Projects
Open Source Contributions
Core Contributor, SyMPC [2021-2022]
“A library for training and evaluation Neural Networks using Multi Party Computations in Pytorch”
I review pull requests, fix bugs, and develop features for the repository.
Worked on implementation of some operations in the paper "FALCON: Honest-Majority Maliciously Secure Framework for Private Deep Learning". I am also working on making the Automatic differentiation module more reliable and useable. I also wrote the implementation of Replicated Secret Sharing tensor primitive which forms the honest majority based SMPC protocols.
Core Contributor, PySyft [2018-19]
A framework for privacy-preserving deep learning using Pytorch and Tensorflow.

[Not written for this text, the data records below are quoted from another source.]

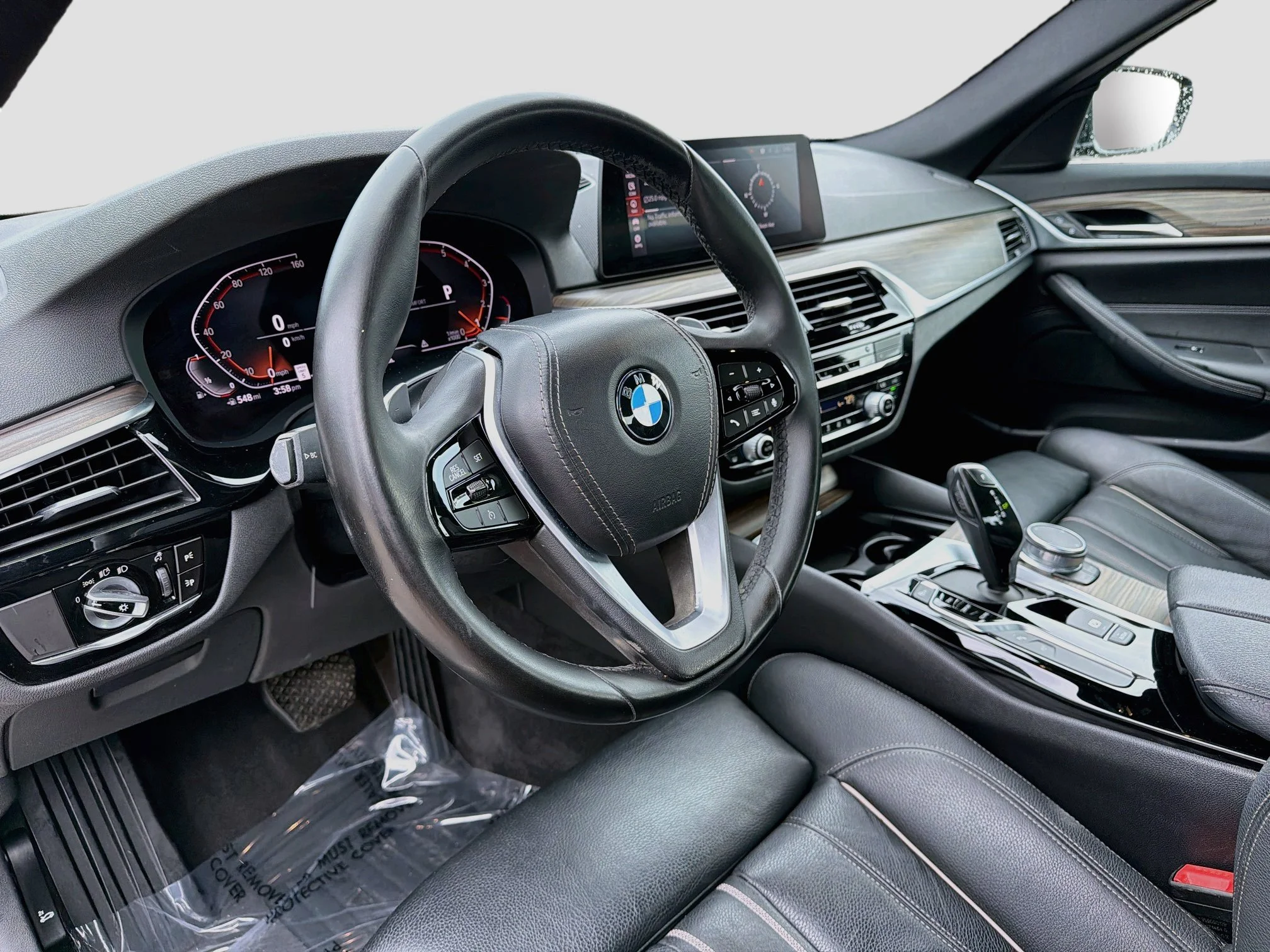 Used 2020 Black Sapphire Metallic BMW 530i image 26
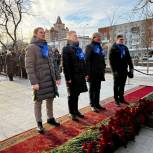 В Перми единороссы приняли участие в церемонии возложения цветов, посвященной Дню Героев Отечества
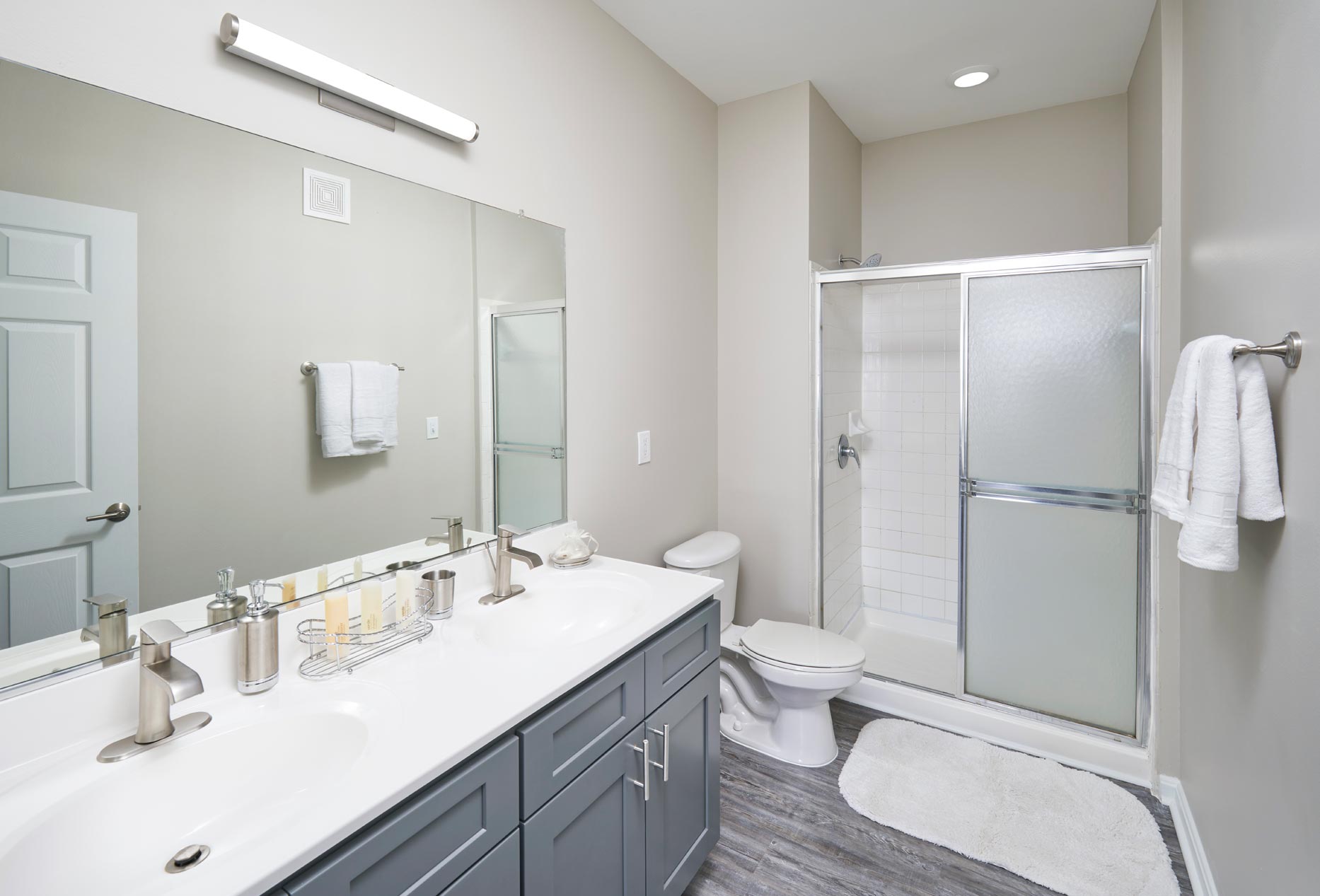 20 Lambourne Staged Bathroom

I worked on Pytorch development.The experience helped me learn a lot of software engineering practices such as unit tests, code reviews, Git, writing clean and documented code. Some tasks I worked on are:
- Wrote use cases of Federated Learning for developing Word Embeddings from Private Data and demonstration on CIFAR10
- Wrote an implementation of Differential Privacy method Private Aggregation of Teacher Ensembles (PATE)
- Tried working on Polynomial Tensor for non-linear computation in multiparty computation (MPC) setting. The method approximated non-linear computation using interpolation/Taylor series methods. Could not integrate it as part of Syft chain of tensors.

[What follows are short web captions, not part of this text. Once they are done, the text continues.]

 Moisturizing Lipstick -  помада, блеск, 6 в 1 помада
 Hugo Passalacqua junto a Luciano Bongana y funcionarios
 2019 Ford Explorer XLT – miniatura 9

- Refactored data loaders and federated dataset and wrote a tutorial on developing custom federated datasets
- Type annotated the codebase and wrote documentation for parts of it
Deepgaze
Computer Vision library for human-computer interaction in Python
Refactored certain parts of the library for improved usability and wrote test cases to ensure accurate functionality. Ported library to Python 3.0.
Some Personal Projects I am proud of
For complete list of projects feel free to check my Github Profile.
GreyNSights
[Repository] [Introductory Blogpost]
GreyNSights is a Framework for Privacy-Preserving Data Analysis.

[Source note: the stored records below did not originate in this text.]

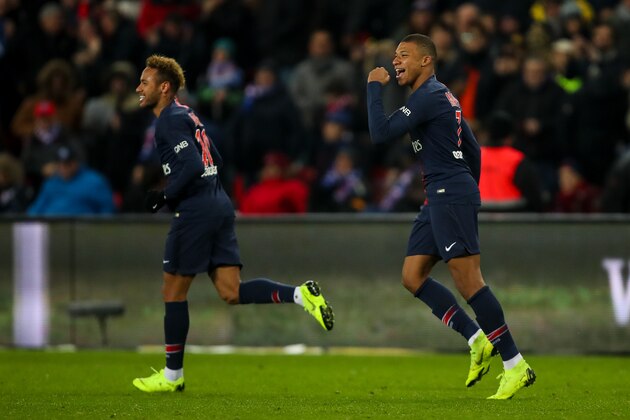 PARIS, FRANCE - NOVEMBER 02: Kylian Mbappe of Paris Saint-Germain / PSG celebrates after scoring a goal to make it 1-0 during the Ligue 1 match between Paris Saint-Germain and Lille at Parc des Princes on November 2, 2018 in Paris, France. (Photo by Robbie Jay Barratt - AMA/Getty Images)
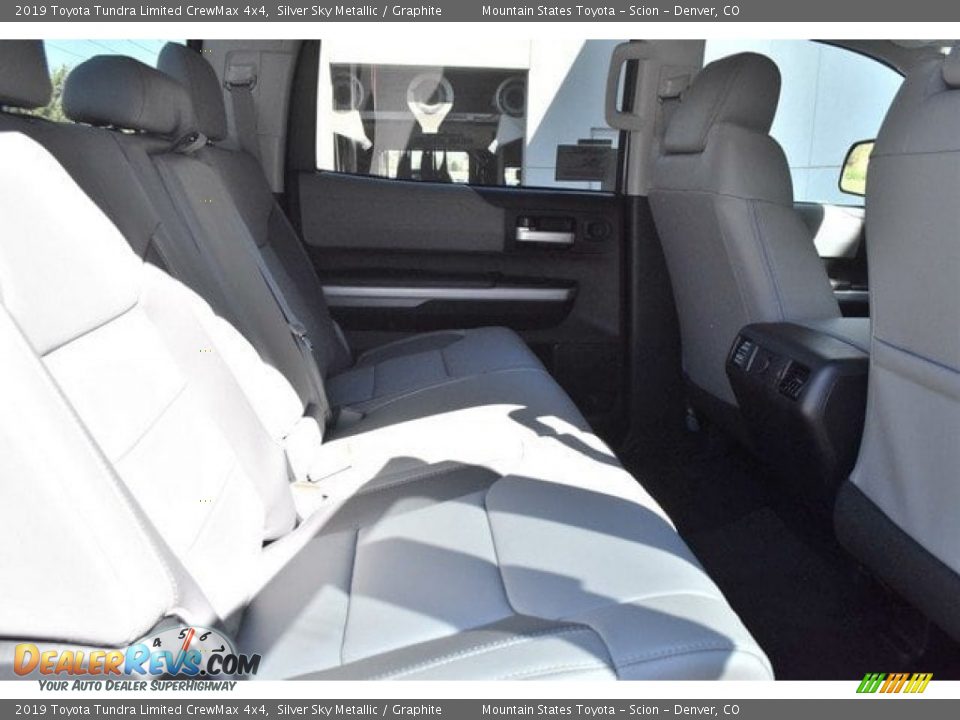 2019 Toyota Tundra Limited CrewMax 4x4 Silver Sky Metallic / Graphite Photo #18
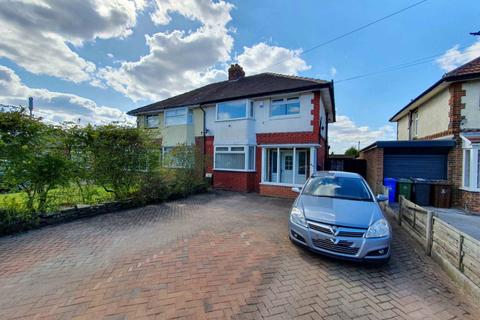 83 Lees Road, Ashton-under-lyne, OL6 8BQ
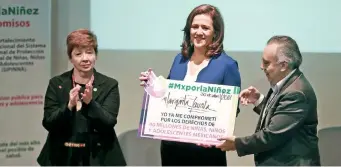  ??  ?? La candidata independie­nte a la Presidenci­a de la República, Margarita Zavala Gómez del Campo, firmó los compromiso­s del movimiento #MxporlaNiñ­ez a favor de ese sector.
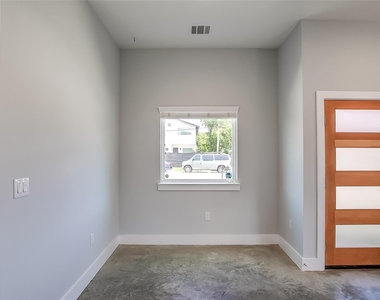 6303 Santos St - Photo Thumbnail 6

Currently with support only for Pandas. The framework allows analysts to remotely query a dataset such that the dataset remains at source and private to data analyst. The query results returned are differentially private. The framework offers flexibility to the analyst by ensuring that they can use the same pandas syntax for analyzing and transforming datasets, but cannot view the individual rows. GreyNSights also offers flexibility to query several parties together and get aggregate statistics without revealing individual counts of parties.
Example Usage
Owner of a sensitive datasets hosts the dataset
import pandas
from GreyNsights.analyst import Pointer
from GreyNsights.host import Dataset, DataOwner
from GreyNsights.config import Config
dataset = pandas.read_csv("animals_and_carrots.csv", sep=",", names=["animal", "carrots_eaten"])
owner = DataOwner("Bob", port=6544, host="127.0.0.1")
config = Config(owner)
config.load("test_config.yaml")
dataset = Dataset(owner, "Sample Data", dataset, config, whitelist={"Alice": None})
dataset.listen()
A data analyst interested in the dataset can now analyze the dataset while maintaining privacy of dataset and keeping it at source
#Initilization code of GreyNSights
import GreyNsights
from GreyNsights.analyst import DataWorker, DataSource, Pointer, Command, Analyst
from GreyNsights.frameworks import framework
identity = Analyst("Alice", port=65441, host="127.0.0.1")
worker = DataWorker(port=6544, host="127.0.0.1")
dataset = DataSource(identity,worker, "Sample Data")
config = dataset.get_config()
#Initialization Pointer
dataset_pt = config.approve().init_pointer()
#Analysis of dataset
df = pandas.DataFrame(dataset_pt)
df.columns
df.describe().get()
df['carrots_eaten'].mean().get()
df['carrots_eaten'].sum().get()
(df['carrots_eaten']>70).sum().get()
df['carrots_eaten'].max().get()
Weakly Supervised Street View Text Detection
Trained a Convolutional Neural Network for segmentation and localisation using dataset labelled by charecter detection network
- Used Pytorch, OpenCV and Pillow in Python
- Trained a character agnostic text detector on Chars74K dataset along with images consisting of indoor/outdoor scenes without text. The character agnostic model was a resnet18 network.
- Trained a street text localisation and detection Fully Convolutional Network(FCN) on the weakly supervised labelled dataset. The dataset was labelled by the character agnostic text detector
- Reduced time to label a single image by 34% by training a smaller network using Knowledge Distillation, making the model capable of labelling thousands of images in a few hours.
- Also explored and analyzed other methods for Neural Network compression.
- Used the distilled network and sliding windows to annotate images in UCSD SVT and NEOCR dataset to derive bounding boxes
HandPose Estimation
HandPose estimation with hand segmentation and keypoint detection using Encoder-Decoder CNN in Pytorch. The encoder CNN network was a resnet34 network pretrained on Imagenet. I am currently working on improving keypoint detection model performance. It can be seen in the above examples that the keypoint detection model is not very robust.